Recent graduates and Levine Scholars Caitlin Vaverek and Celia Karp were honored as Fulbright U.S. Student Program recipients.
Vaverek has received a Fulbright Teaching Assistant Fellowship to Nepal for the 2014-15 academic year. The Florida native’s goal is to pursue graduate studies in international development or public policy with a concentration in nonprofit management.
Opportunities for civic engagement are the best part of the Levine Scholars Program, she said.
"Working with the leadership class at James Martin Middle School, serving dinner every month at Ronald McDonald House, participating in food drives, planning sustainability conferences, interning throughout Charlotte and so many other engagements allowed us to give back to a city that has given us so much," Vaverek noted.
"A small group of committed individuals can come together to make a significant impact. Not only were we able to start the inaugural dance marathon, but we were able to do it with the backing of the community and the University," said Vaverek, a graduate of St. Thomas Aquinas High School in Plantation, Fla. "It (the dance marathon) combined leadership and civic engagement in a way I have never experienced, and it serves as another example of how the Levine Scholars Program helps shape the lives of everyone involved."
Karp used a portion of her grant to fund the 49er Dance Marathon, a legacy event of the Levine Scholars Program. The Maryland native also was involved with the Bethesda Health Center, located in the University City area. It provides free services to Charlotte’s Latino population.
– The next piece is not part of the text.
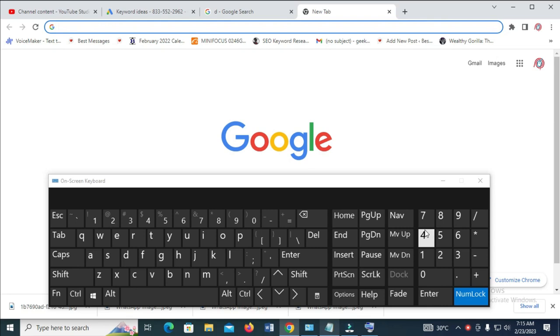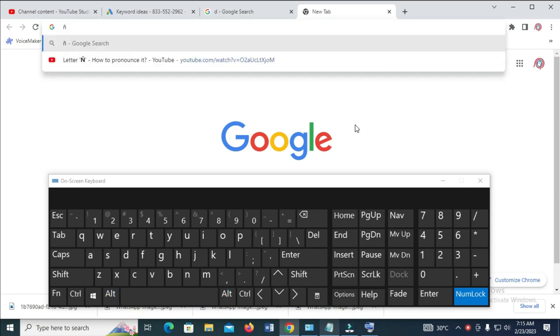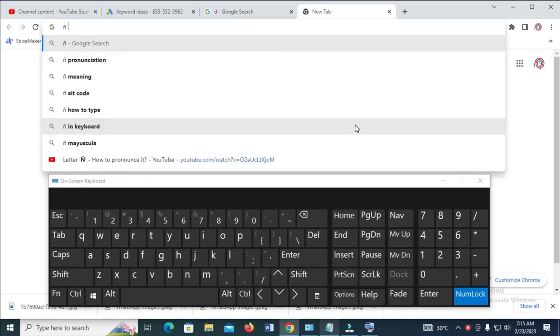Let's type the small letter. Long press your Alt button, then type 164. As you can see right here, it's a small letter ñ. To type the capital letter, long press your Alt button then type 165.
"I’ve been working with the director to develop a program that focuses on increasing self-esteem, social connectivity and improving healthy habits and behaviors among Latina women," said Karp, who recently received a Fulbright U.S. Student Academic Award for Research.
The honor will fund her studies in Quito, Ecuador, where she will research "how health communication affects women's perspectives on sexual and reproductive health, impacts their utilization of maternal health programs and contributes to Ecuador's high maternal mortality rate," she said.
"Our backpacking expedition together taught us about leadership, teamwork and wilderness survival," said Karp, a public health and communication studies major. "The experience gave us the opportunity to build friendships and trust among the cohort, enabling us to enter our first year of college together with an amazing set of friends and peers."